(Web page caption snippets)
>>
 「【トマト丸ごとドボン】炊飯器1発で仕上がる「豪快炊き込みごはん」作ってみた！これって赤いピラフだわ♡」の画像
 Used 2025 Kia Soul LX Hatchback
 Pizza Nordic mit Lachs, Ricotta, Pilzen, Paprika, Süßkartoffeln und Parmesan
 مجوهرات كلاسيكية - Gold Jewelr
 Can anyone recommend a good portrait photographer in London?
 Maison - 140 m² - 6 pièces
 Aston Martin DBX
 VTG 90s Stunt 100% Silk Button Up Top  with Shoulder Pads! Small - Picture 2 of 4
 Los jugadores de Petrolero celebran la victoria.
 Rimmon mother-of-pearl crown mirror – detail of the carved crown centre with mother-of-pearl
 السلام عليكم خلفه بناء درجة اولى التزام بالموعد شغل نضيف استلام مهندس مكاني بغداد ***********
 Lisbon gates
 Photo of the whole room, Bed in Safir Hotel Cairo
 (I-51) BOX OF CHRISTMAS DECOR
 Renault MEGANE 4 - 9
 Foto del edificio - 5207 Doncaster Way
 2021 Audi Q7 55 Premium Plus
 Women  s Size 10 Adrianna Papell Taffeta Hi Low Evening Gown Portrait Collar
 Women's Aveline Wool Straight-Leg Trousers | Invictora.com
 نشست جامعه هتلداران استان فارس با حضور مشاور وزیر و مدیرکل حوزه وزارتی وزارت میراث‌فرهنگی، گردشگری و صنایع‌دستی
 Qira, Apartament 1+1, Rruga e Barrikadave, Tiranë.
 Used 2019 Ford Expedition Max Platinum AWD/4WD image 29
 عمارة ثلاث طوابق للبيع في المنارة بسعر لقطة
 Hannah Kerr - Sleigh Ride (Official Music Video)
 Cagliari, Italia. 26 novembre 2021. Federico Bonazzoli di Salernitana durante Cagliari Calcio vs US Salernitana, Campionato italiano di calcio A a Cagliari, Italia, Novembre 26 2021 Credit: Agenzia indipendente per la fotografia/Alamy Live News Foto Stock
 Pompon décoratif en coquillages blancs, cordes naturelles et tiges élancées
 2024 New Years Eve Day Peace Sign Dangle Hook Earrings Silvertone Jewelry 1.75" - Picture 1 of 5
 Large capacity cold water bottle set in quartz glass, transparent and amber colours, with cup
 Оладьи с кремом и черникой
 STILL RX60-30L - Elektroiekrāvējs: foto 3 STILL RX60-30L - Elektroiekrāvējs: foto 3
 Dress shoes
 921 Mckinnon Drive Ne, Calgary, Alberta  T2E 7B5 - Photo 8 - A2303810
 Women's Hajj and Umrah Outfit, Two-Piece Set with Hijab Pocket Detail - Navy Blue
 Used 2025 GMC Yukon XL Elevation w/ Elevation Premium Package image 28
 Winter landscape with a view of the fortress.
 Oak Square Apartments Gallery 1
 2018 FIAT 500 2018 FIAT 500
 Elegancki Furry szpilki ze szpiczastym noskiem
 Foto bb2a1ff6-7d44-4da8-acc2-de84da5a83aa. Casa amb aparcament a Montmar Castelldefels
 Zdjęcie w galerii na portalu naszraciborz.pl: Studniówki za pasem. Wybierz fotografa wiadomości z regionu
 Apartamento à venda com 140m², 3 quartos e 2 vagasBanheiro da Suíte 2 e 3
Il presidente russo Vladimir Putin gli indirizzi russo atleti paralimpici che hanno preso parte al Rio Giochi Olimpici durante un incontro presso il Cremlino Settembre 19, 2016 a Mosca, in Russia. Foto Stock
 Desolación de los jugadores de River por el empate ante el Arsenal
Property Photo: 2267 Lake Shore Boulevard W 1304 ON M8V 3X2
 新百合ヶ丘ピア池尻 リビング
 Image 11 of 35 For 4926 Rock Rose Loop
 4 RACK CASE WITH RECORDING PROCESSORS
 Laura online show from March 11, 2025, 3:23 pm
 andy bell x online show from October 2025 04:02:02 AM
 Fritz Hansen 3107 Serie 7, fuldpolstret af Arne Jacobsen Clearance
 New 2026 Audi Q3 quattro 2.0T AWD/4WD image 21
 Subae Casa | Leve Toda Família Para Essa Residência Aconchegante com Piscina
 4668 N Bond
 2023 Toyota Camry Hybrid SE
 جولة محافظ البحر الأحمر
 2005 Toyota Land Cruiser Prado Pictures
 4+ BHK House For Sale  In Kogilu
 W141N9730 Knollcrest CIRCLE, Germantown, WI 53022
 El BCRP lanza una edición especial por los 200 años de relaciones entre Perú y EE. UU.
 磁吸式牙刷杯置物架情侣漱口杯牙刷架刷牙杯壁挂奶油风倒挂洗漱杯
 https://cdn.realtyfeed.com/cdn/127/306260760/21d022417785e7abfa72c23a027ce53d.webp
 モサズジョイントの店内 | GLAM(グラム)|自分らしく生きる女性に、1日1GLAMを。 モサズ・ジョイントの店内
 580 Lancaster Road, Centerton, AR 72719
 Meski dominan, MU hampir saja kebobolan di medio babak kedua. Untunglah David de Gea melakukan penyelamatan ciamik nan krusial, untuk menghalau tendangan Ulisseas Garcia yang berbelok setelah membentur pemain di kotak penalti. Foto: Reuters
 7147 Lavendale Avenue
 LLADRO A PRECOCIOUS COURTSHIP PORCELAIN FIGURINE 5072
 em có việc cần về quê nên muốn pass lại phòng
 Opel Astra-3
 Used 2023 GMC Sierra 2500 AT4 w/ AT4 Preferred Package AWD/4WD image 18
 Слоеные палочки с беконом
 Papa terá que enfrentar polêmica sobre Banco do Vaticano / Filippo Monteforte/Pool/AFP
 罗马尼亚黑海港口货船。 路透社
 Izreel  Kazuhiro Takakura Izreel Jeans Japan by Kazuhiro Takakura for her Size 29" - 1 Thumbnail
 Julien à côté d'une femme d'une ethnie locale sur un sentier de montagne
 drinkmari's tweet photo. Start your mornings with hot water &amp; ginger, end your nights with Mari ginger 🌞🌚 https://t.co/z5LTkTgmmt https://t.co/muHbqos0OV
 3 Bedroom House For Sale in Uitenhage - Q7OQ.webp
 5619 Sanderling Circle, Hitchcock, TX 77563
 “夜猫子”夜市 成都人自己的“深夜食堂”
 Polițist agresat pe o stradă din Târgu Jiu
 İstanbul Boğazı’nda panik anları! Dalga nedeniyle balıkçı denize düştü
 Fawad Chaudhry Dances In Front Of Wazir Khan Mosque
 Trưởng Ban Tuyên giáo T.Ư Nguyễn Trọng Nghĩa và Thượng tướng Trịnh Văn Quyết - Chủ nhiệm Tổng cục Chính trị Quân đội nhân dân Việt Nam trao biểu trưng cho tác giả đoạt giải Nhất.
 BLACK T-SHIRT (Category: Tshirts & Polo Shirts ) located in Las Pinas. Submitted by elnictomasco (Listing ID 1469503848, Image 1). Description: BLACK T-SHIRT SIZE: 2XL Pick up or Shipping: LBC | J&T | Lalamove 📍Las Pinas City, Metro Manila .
<<
» **AIM OF THE EXERCISE**: Restate word for word the lines of the data above, starting at the line containing "Zdjęcie w galerii" and ending at the line containing "جولة محافظ البحر الأحمر", both included, and nothing more.

» **THE ANSWER**:
 Zdjęcie w galerii na portalu naszraciborz.pl: Studniówki za pasem. Wybierz fotografa wiadomości z regionu
 Apartamento à venda com 140m², 3 quartos e 2 vagasBanheiro da Suíte 2 e 3
Il presidente russo Vladimir Putin gli indirizzi russo atleti paralimpici che hanno preso parte al Rio Giochi Olimpici durante un incontro presso il Cremlino Settembre 19, 2016 a Mosca, in Russia. Foto Stock
 Desolación de los jugadores de River por el empate ante el Arsenal
Property Photo: 2267 Lake Shore Boulevard W 1304 ON M8V 3X2
 新百合ヶ丘ピア池尻 リビング
 Image 11 of 35 For 4926 Rock Rose Loop
 4 RACK CASE WITH RECORDING PROCESSORS
 Laura online show from March 11, 2025, 3:23 pm
 andy bell x online show from October 2025 04:02:02 AM
 Fritz Hansen 3107 Serie 7, fuldpolstret af Arne Jacobsen Clearance
 New 2026 Audi Q3 quattro 2.0T AWD/4WD image 21
 Subae Casa | Leve Toda Família Para Essa Residência Aconchegante com Piscina
 4668 N Bond
 2023 Toyota Camry Hybrid SE
 جولة محافظ البحر الأحمر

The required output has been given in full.